| Exercise |
Take the line containing "Lado Direito 0180028" and all lines after it, through the end of the material, and repeat them exactly, pictures left out.

| Provided data |
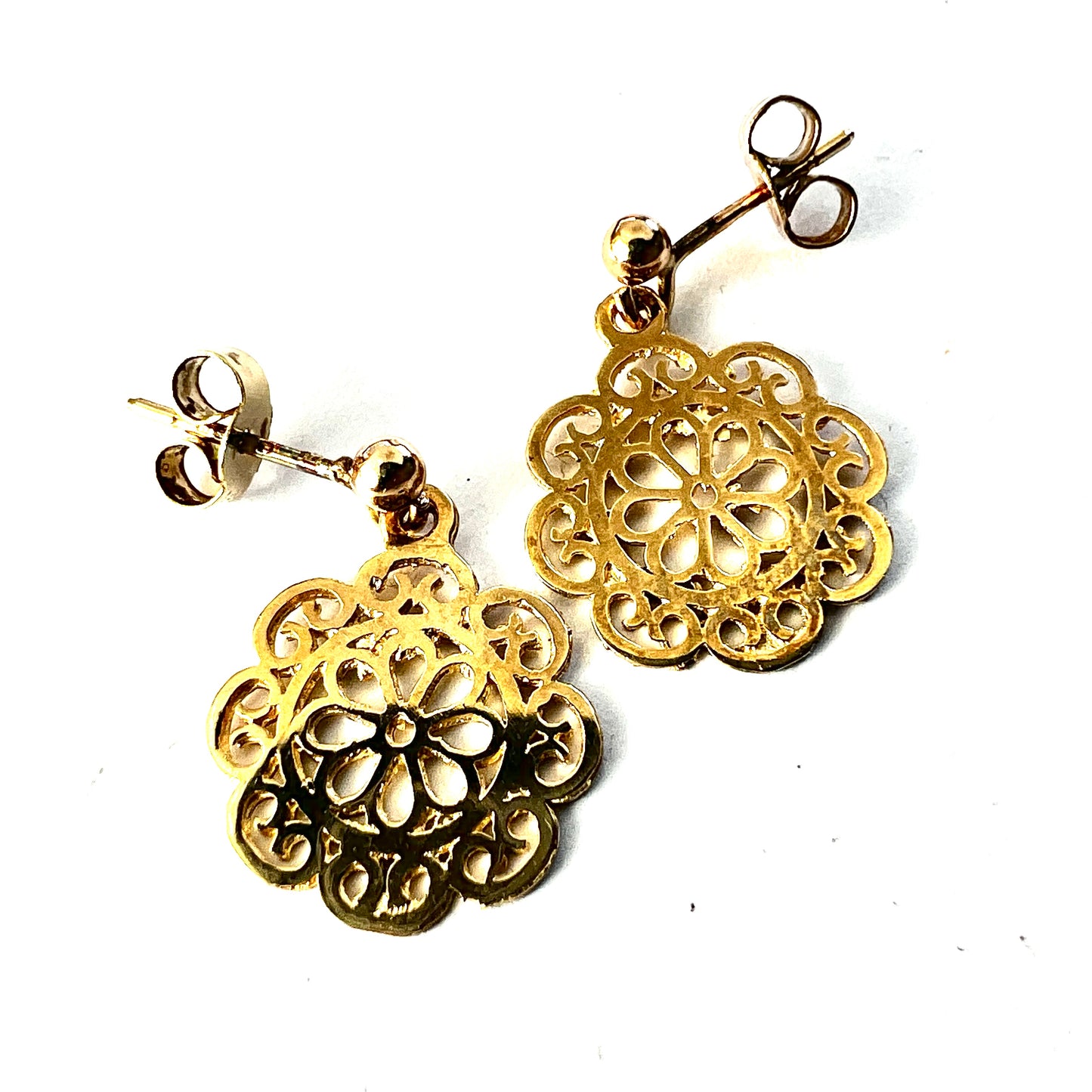 Vintage 9CT Gold Flower Mandala Earrings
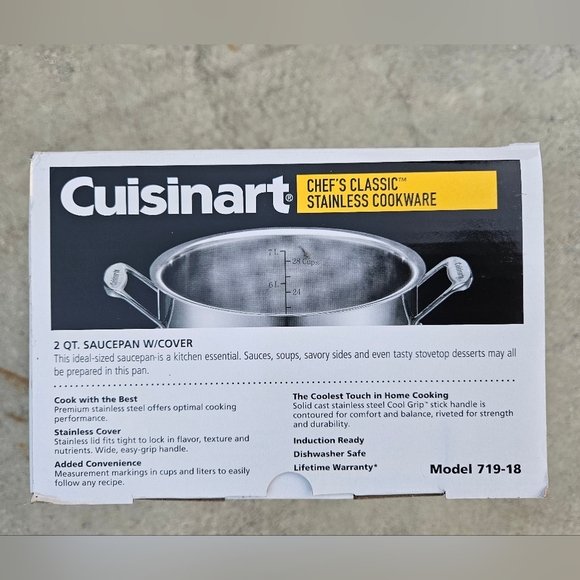 Cuisinart Chef's Classic Stainless Cookware 2 Quart Saucepan w/ Cover # 71918 - Picture 3 of 4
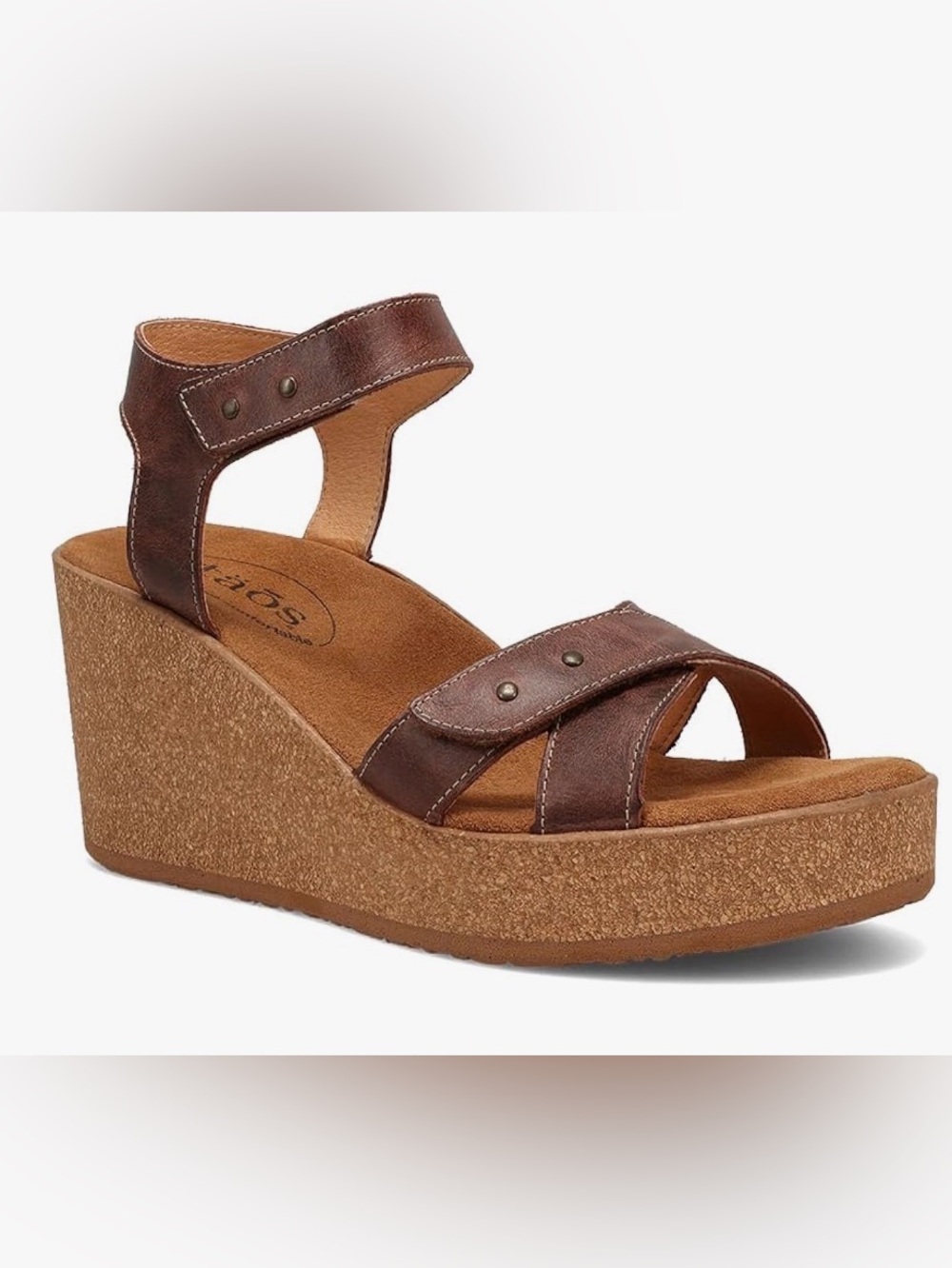 Taos Lexie Ankle-Strap Leather Sandals 41/10-10.5 Tan Wedge Cork Comfort Casual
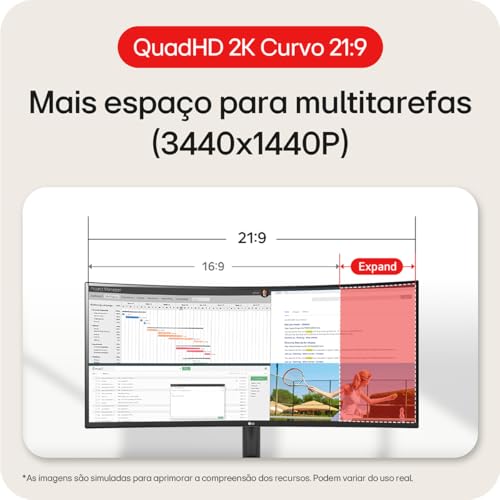 Monitor Gamer LG 34" QHD 100Hz VA Curvo - 34WR50QK-B - Imagem 2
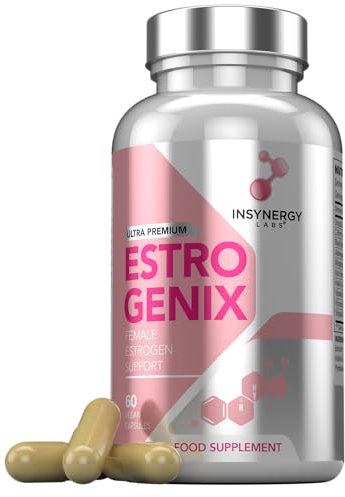 EstroGenix – Estrogen Tablets for Women (Highest Dosage in UK) Hormone Balance Supplement, Estrogen Booster Pills 60 Vegan Capsules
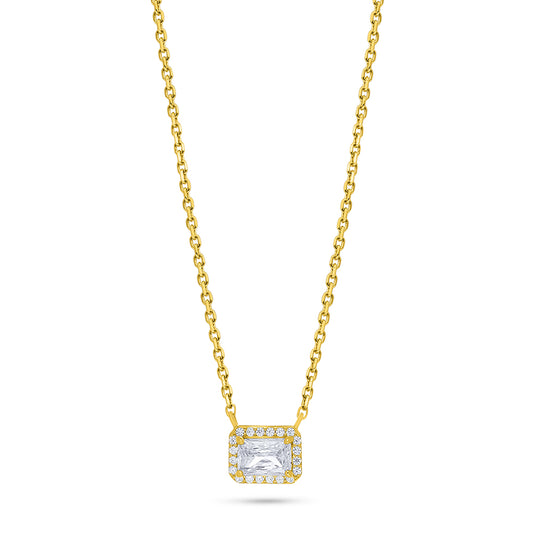 Sterling Silver 925 Necklace Golden Plated Embedded With White Zircon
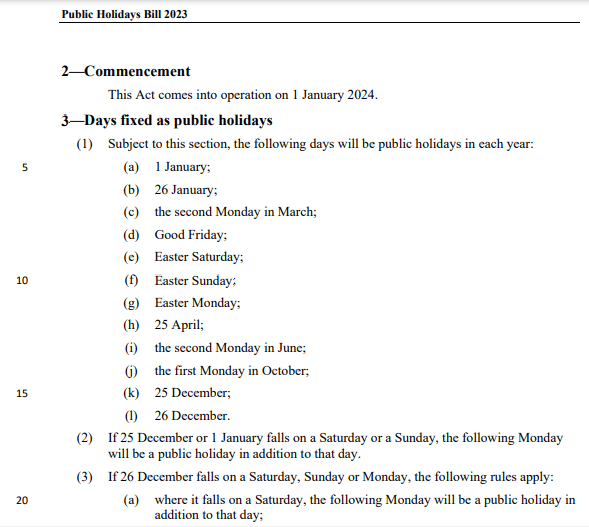 An extract from the Public Holidays Bill 2023 (<a href="https://www.legislation.sa.gov.au/__legislation/lz/b/current/public%20holidays%20bill%202023/c_as%20received%20in%20ha/public%20holidays%20bill%202023.un.pdf">pdf</a>)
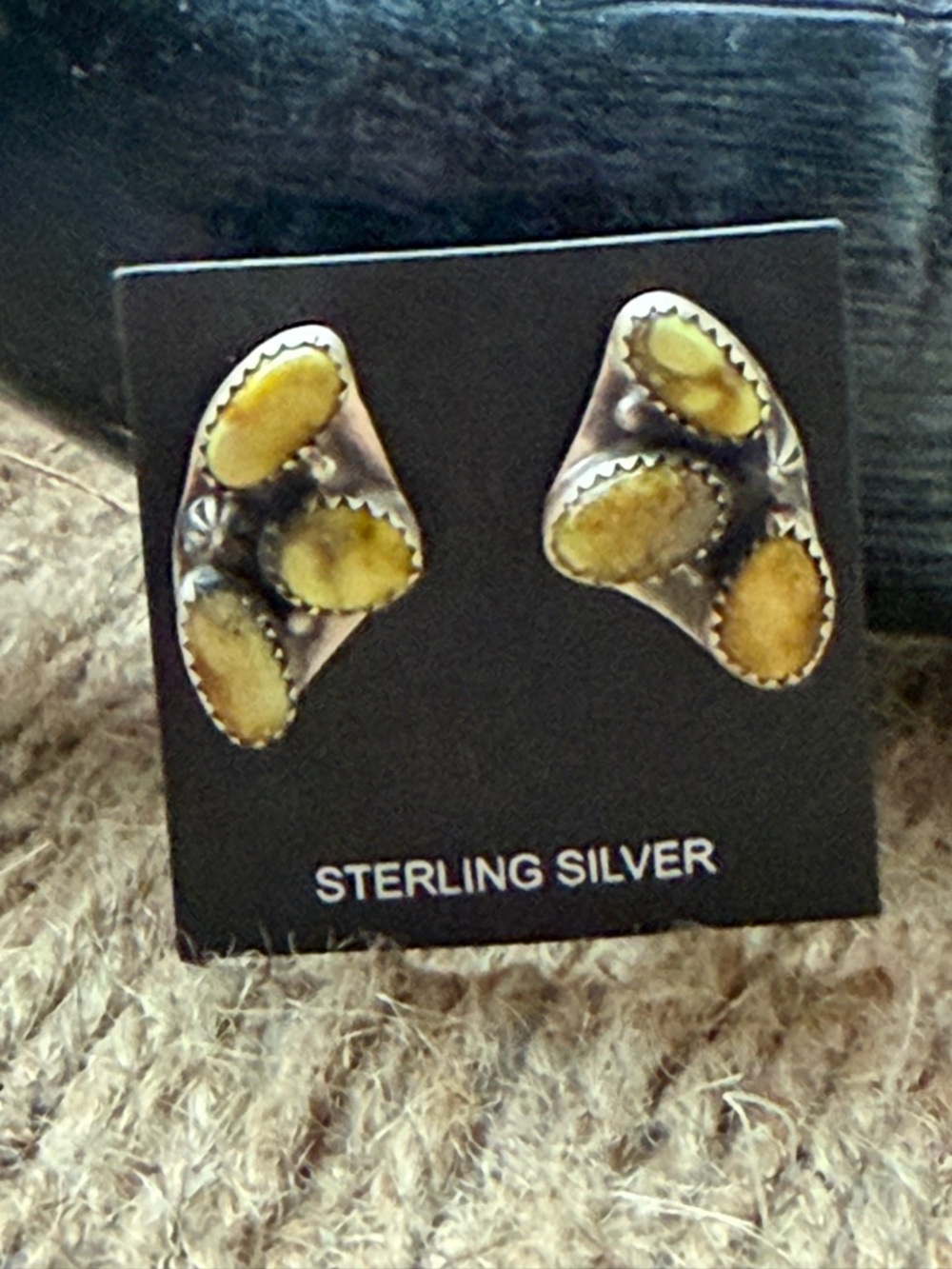 Sterling Silver Palomino Stone Cluster Earrings Southwestern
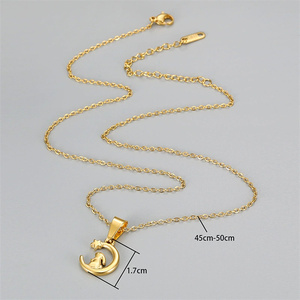 Nouveautés Personnalisé Petite Amie Cadeau Tempérament <span class=keywords><strong>Zodiaque</strong></span> Lapin Étoile Lune Jade Lapin Pendentif Dames Niche Design Collier - Product Image 4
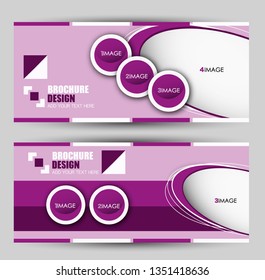 Banner for advertisement. Flyer design or web template set. Vector illustration commercial promotion background. Purple color.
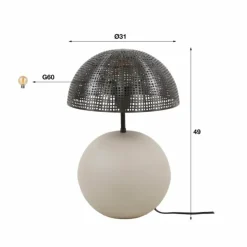 hofstein Lampes À Poser|Lilleballe Lampe à poser Gris, Sable, 1 lumière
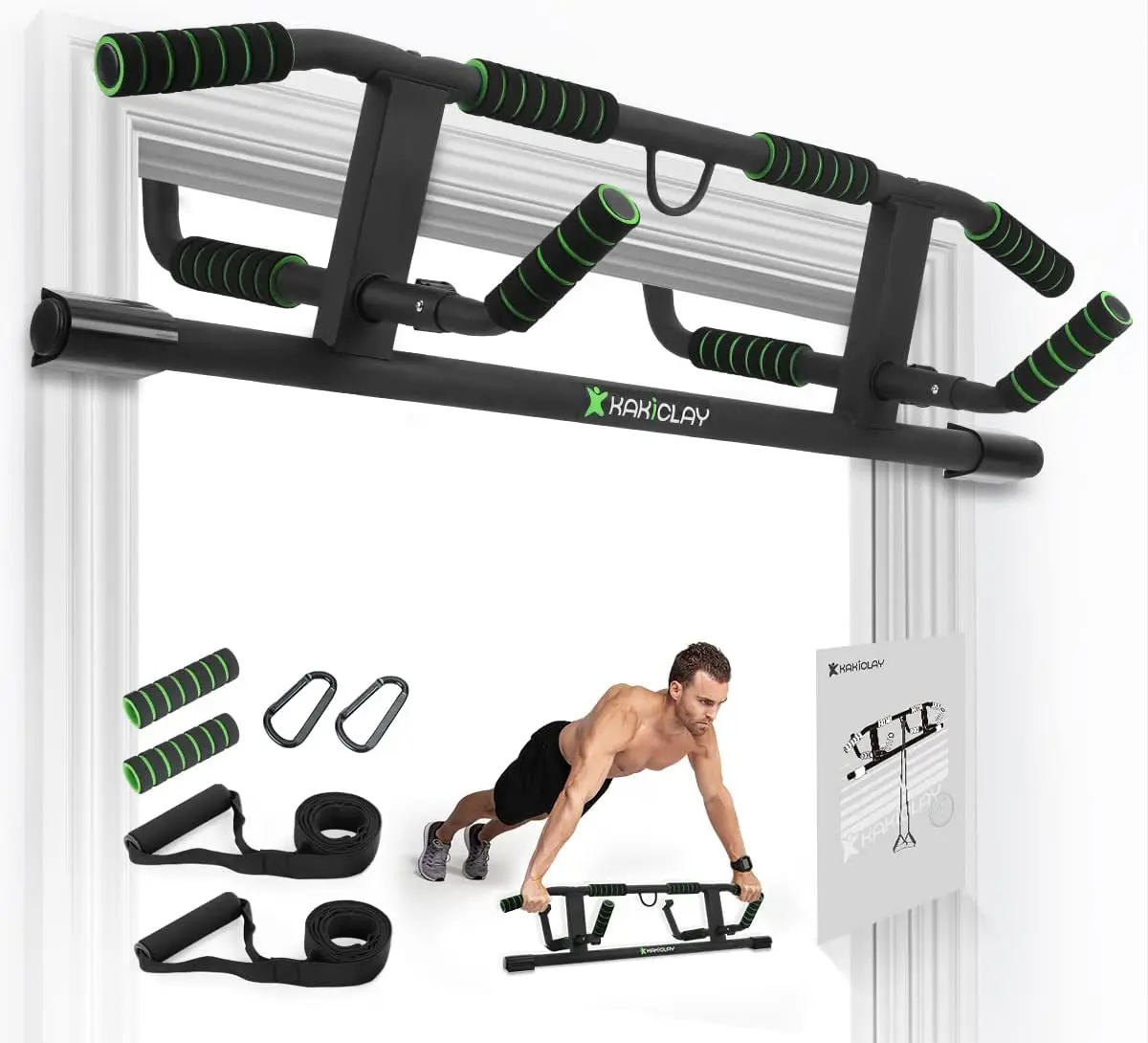 Multi-Grip Pull Up Bar with Smart Larger Hooks Technology - USA Original Patent, Designed, Shipped, Warranty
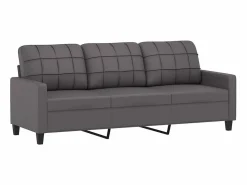 Clearance Clicnbuy Sofá de 3 plazas con cojines cuero sintético 180 cm Gris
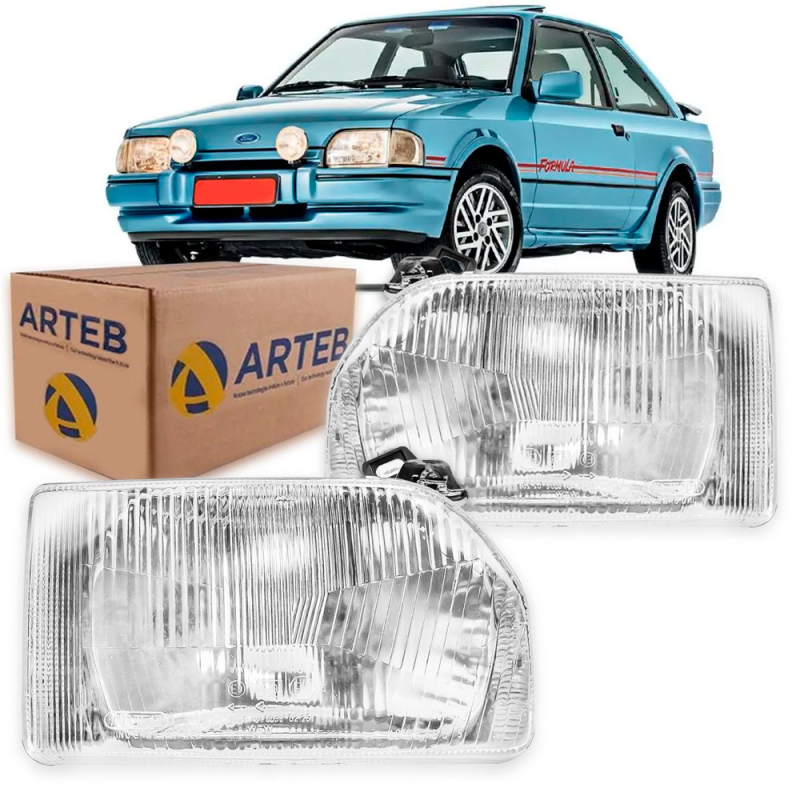 0180028 Farol Original Ifcar Escort Verona Apollo 1987 A 1992 Lado Direito 0180028 Farol Original Ifcar Escort Verona Apollo 1987 A 1992 Lado Direito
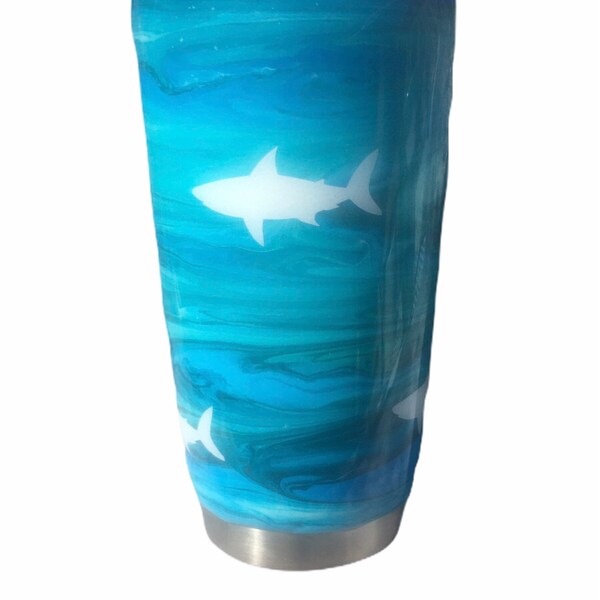 20 oz stainless steel double walled shark ocean wave tumbler, gift for shark lovers, shark cup, ocean gift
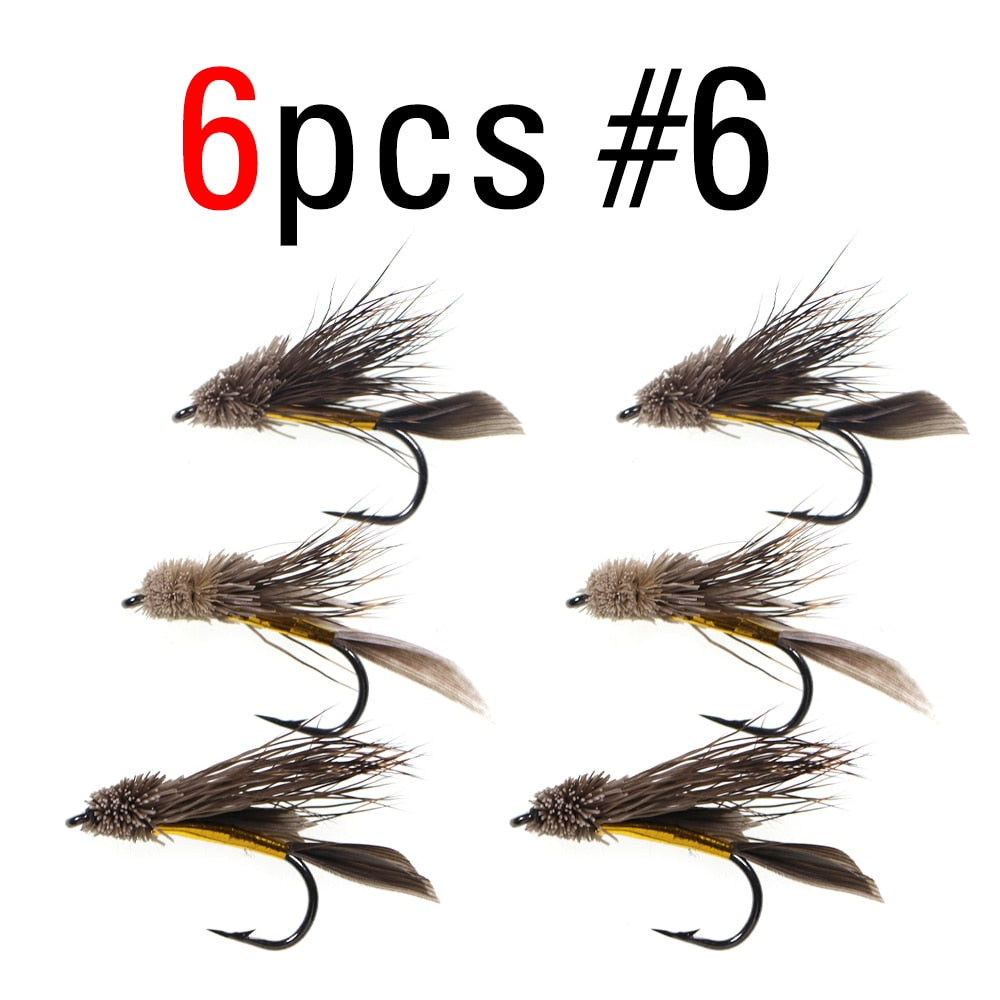 ICERIO 6PCS Brown Deer Hair Gold Body Muddler Minnow Bass Trout Fly Fishing Streamer Flies #6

| Exercise result |
 0180028 Farol Original Ifcar Escort Verona Apollo 1987 A 1992 Lado Direito 0180028 Farol Original Ifcar Escort Verona Apollo 1987 A 1992 Lado Direito
 20 oz stainless steel double walled shark ocean wave tumbler, gift for shark lovers, shark cup, ocean gift
 ICERIO 6PCS Brown Deer Hair Gold Body Muddler Minnow Bass Trout Fly Fishing Streamer Flies #6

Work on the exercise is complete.